START INPUT FOR THIS TASK

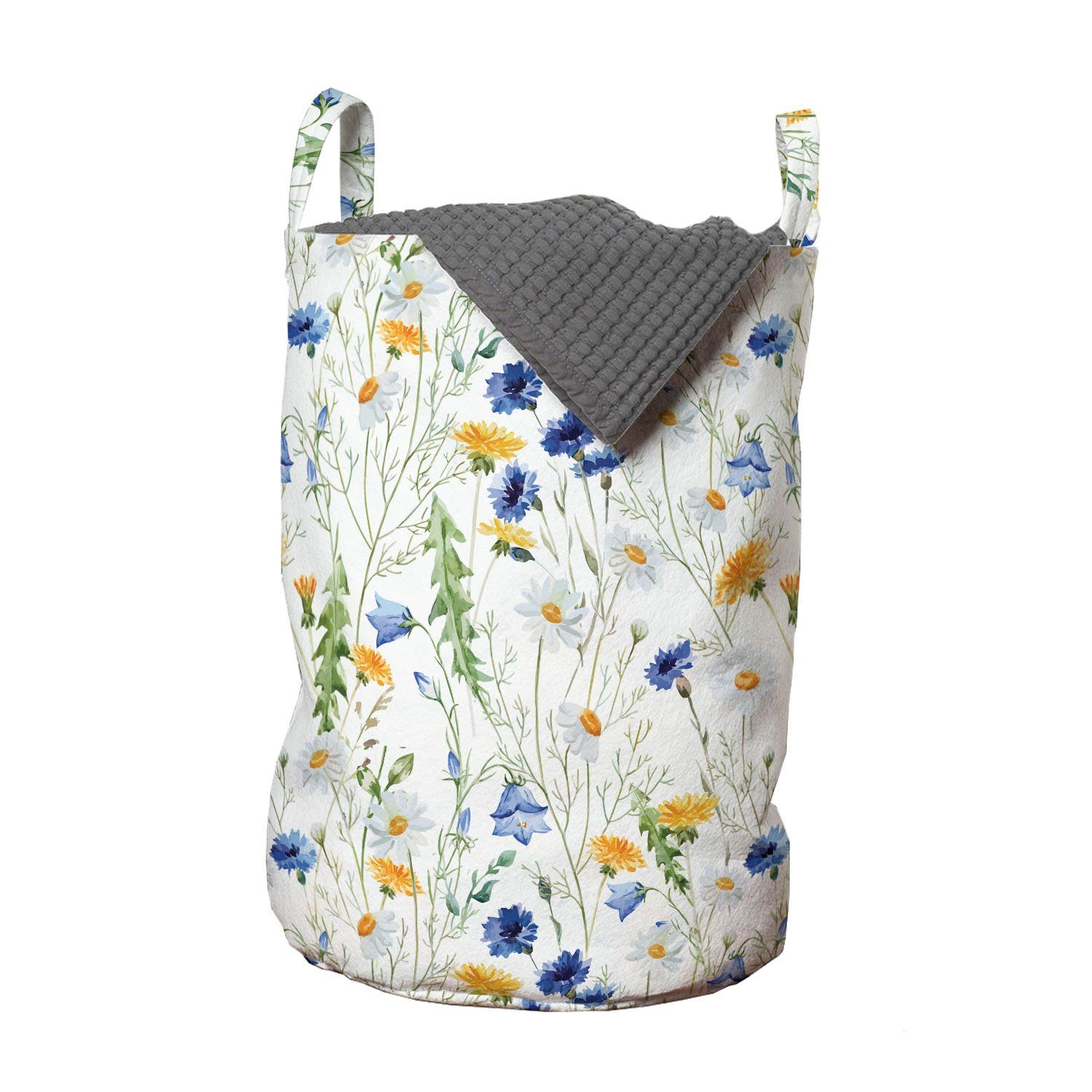 Abakuhaus Wäschesäckchen Wäschekorb mit Griffen Kordelzugverschluss für Waschsalons, Natur Mohnblumen Gänseblümchen Rural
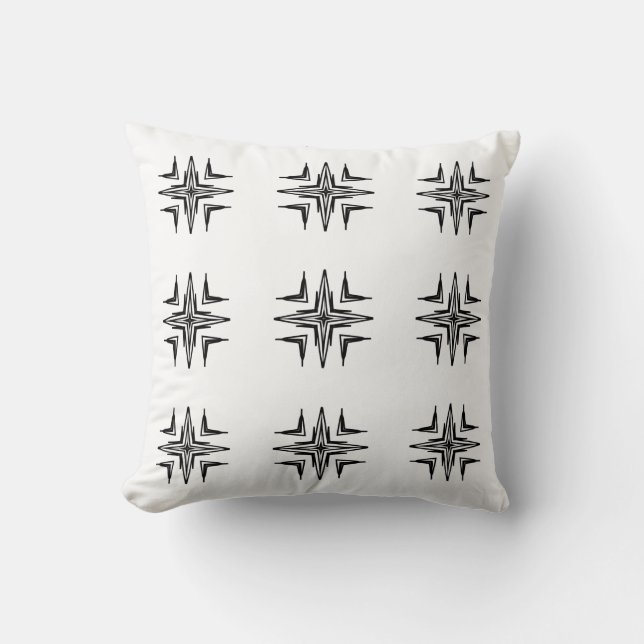 Motif géométrique étoile noir blanc coussin (Recto)
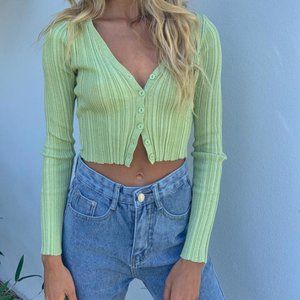 Princess Polly Mariah Cardigan Green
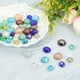 thumbnail image 4 of Uxcell 50 Paquete de Canicas de Vidrio Planas, Piedras de Vidrio Decorativas, Perlas de Mármol, Rellenos de Jarrón para Artes Decorativas en el Hogar, Azul Cielo (12-14mm), 4 of 6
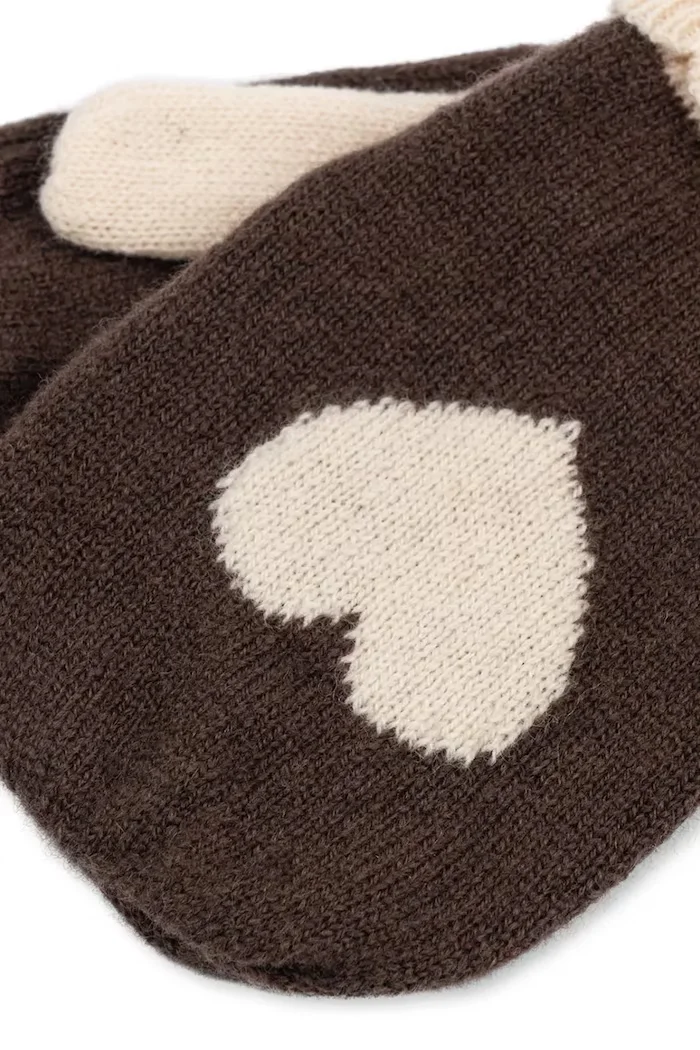 Konges Sløjd ръкавици за деца от вълна COLLETTE MITTENS кафяви KS103460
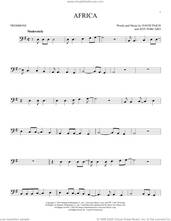 Cover icon of Africa sheet music for trombone solo by Toto, David Paich and Jeff Porcaro, intermediate skill level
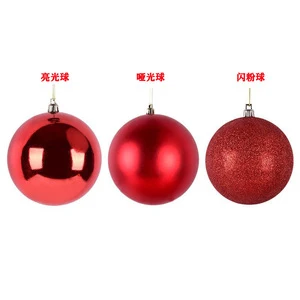 Wholesale Shatterproof Logo Decorative Christmas Balls Large Red Matte Multi-Size Tree Ornaments Customized Logo Accepted
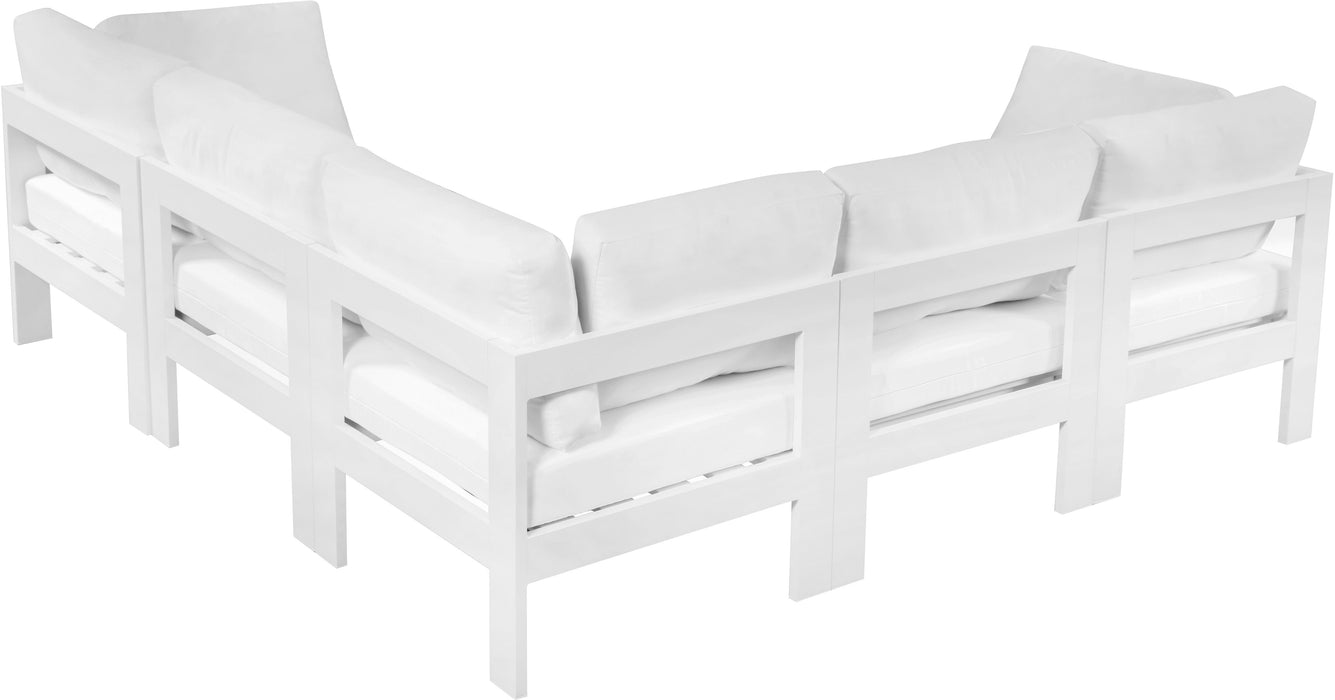 Nizuc - Outdoor Patio 5 Piece Modular Sectional With White Frame - Simple Home Plus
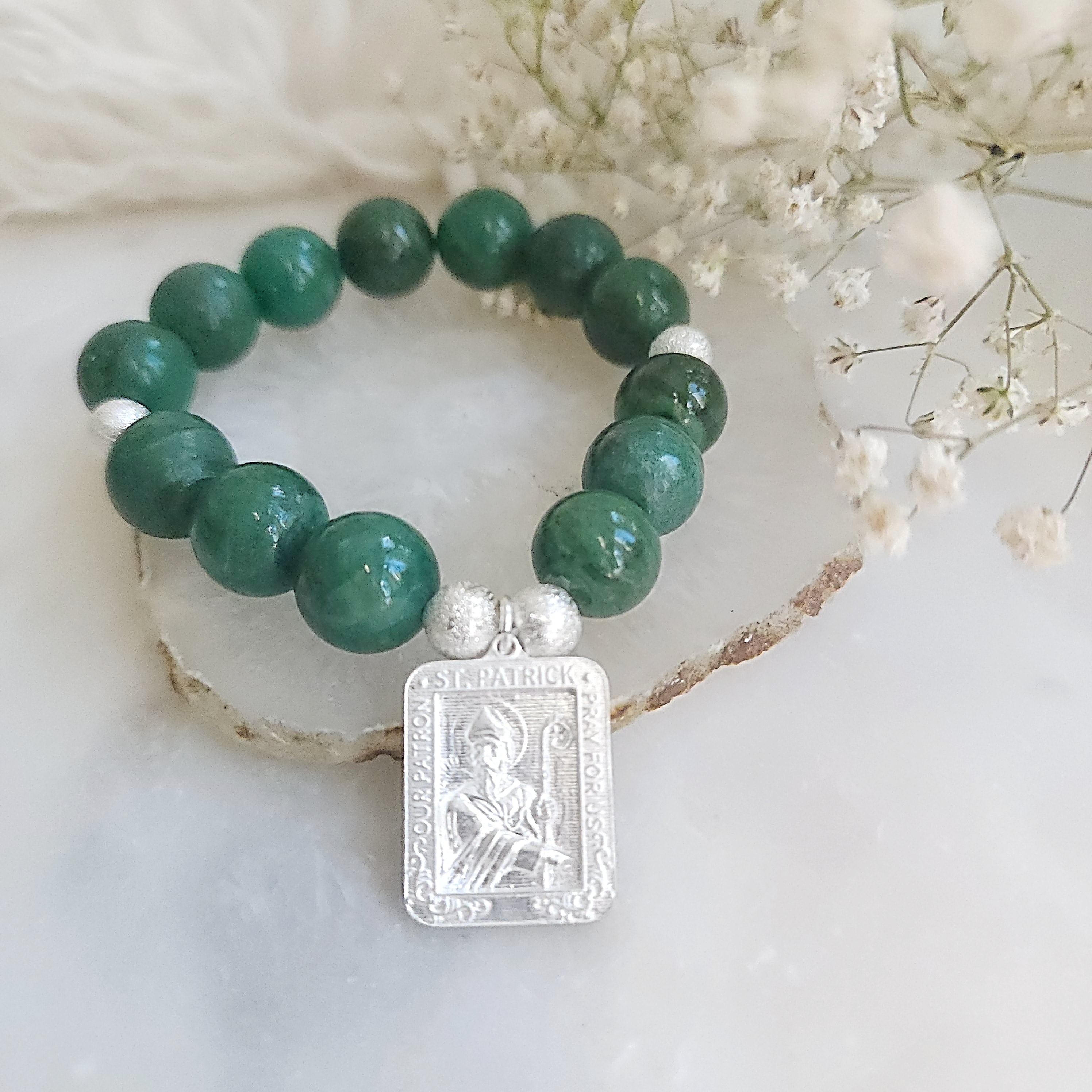 St. Patrick of Ireland Jade 12mm bracelet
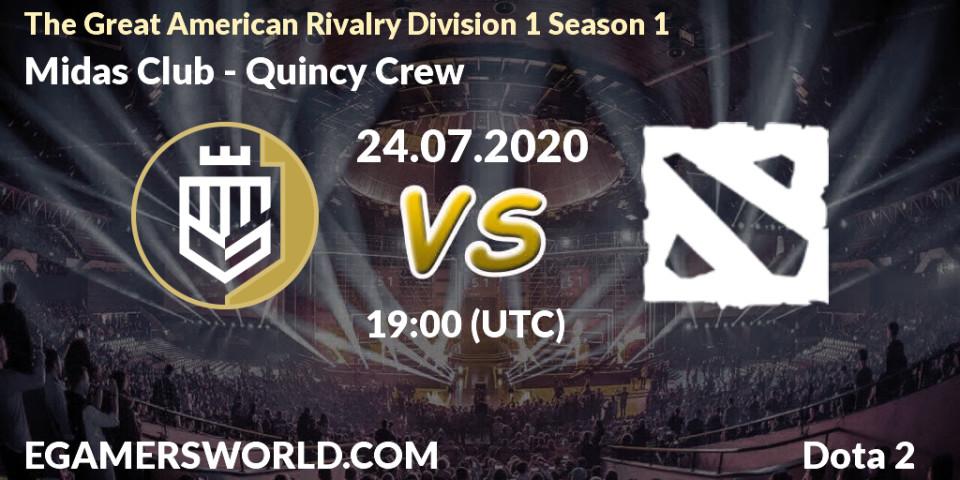 Midas Club vs Quincy Crew: Betting TIp, Match Prediction. 23.07.2020 at 19:26. Dota 2, The Great American Rivalry Division 1 Season 1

END INPUT FOR THIS TASK

DIRECTIONS FOR THIS TASK: Once the pictures are removed, print all the remaining data exactly as it stands.

TASK RESPONSE:
 Abakuhaus Wäschesäckchen Wäschekorb mit Griffen Kordelzugverschluss für Waschsalons, Natur Mohnblumen Gänseblümchen Rural
 Motif géométrique étoile noir blanc coussin (Recto)
 Princess Polly Mariah Cardigan Green
 thumbnail image 4 of Uxcell 50 Paquete de Canicas de Vidrio Planas, Piedras de Vidrio Decorativas, Perlas de Mármol, Rellenos de Jarrón para Artes Decorativas en el Hogar, Azul Cielo (12-14mm), 4 of 6
 Konges Sløjd ръкавици за деца от вълна COLLETTE MITTENS кафяви KS103460
 Cover icon of Africa sheet music for trombone solo by Toto, David Paich and Jeff Porcaro, intermediate skill level
 Wholesale Shatterproof Logo Decorative Christmas Balls Large Red Matte Multi-Size Tree Ornaments Customized Logo Accepted
 Nizuc - Outdoor Patio 5 Piece Modular Sectional With White Frame - Simple Home Plus
 St. Patrick of Ireland Jade 12mm bracelet
 Midas Club vs Quincy Crew: Betting TIp, Match Prediction. 23.07.2020 at 19:26. Dota 2, The Great American Rivalry Division 1 Season 1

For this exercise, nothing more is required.